Opinion
6301.
June 9, 2005.
Order, Supreme Court, New York County (Judith J. Gische, J.), entered June 10, 2004, which, in an action for divorce, granted defendant's motion to dismiss for failure to state a cause of action, unanimously affirmed, with costs.
McCallion Associates LLP, New York (Kenneth F. McCallion of counsel), for appellant.
Wolf Block Schorr Solis-Cohen, New York (Judith E. Siegel-Baum of counsel), for respondent.
Before: Friedman, J.P., Nardelli, Williams, Gonzalez and Sweeny, JJ.

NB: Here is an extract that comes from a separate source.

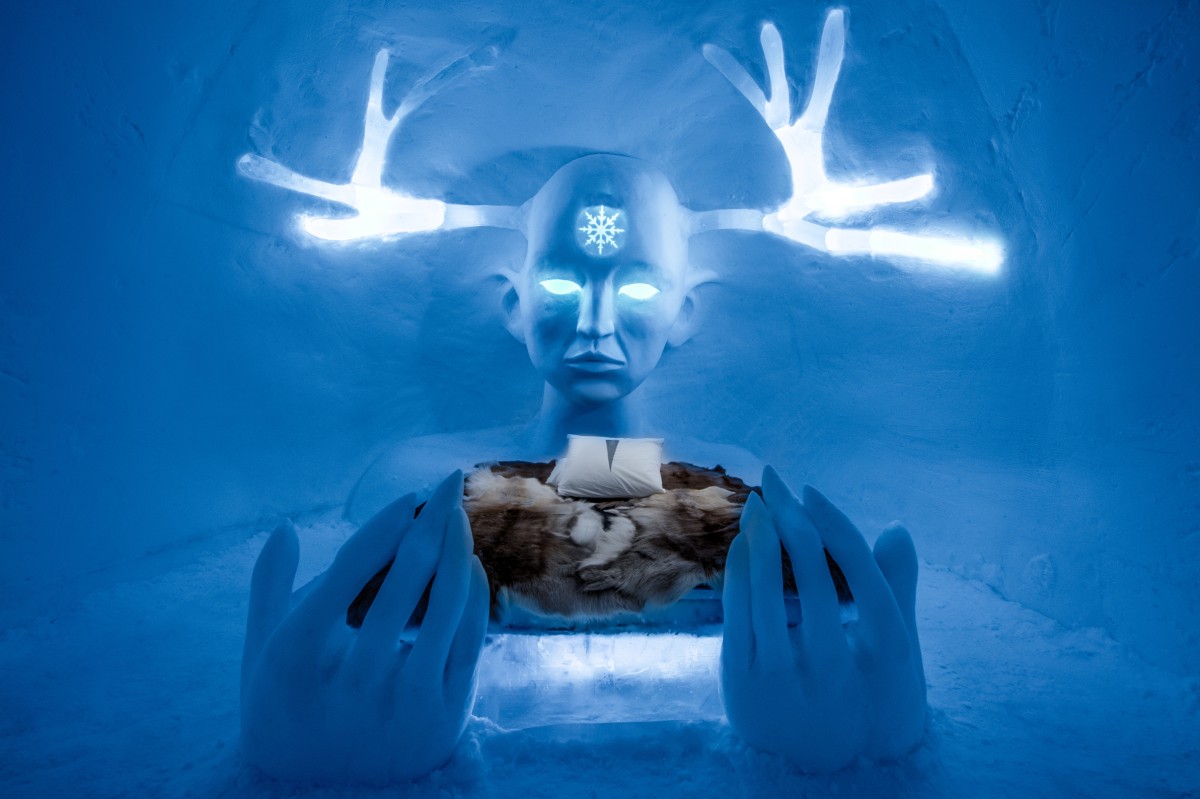 medium_art-suite-queen-of-the-north-icehotel-28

Plaintiff alleges that the parties, after holding themselves out as husband and wife for some three years, entered into a Pennsylvania common-law marriage. Under Pennsylvania law, "[a] common law marriage can only be created by an exchange of words in the present tense, spoken with the specific purpose that the legal relationship of husband and wife is created by that [exchange]" ( see Staudenmayer v. Staudenmayer, 552 Pa 253, 261-262, 714 A2d 1016, 1020 [1998]). According to plaintiff, toward the end of a two-week sojourn in Pennsylvania for the purpose of attending parenting classes, he and defendant, during a dinner they were having with two friends, "toasted to one another as `Husband' and `Wife' and publicly avowed our mutual commitment to one another as a loving married couple." The motion court correctly held that the alleged toast did not contain an exchange of words manifesting a specific, present intent to enter into a marriage. At most, the toast manifested nothing more than the parties' alleged long-time practice of holding themselves out as husband and wife.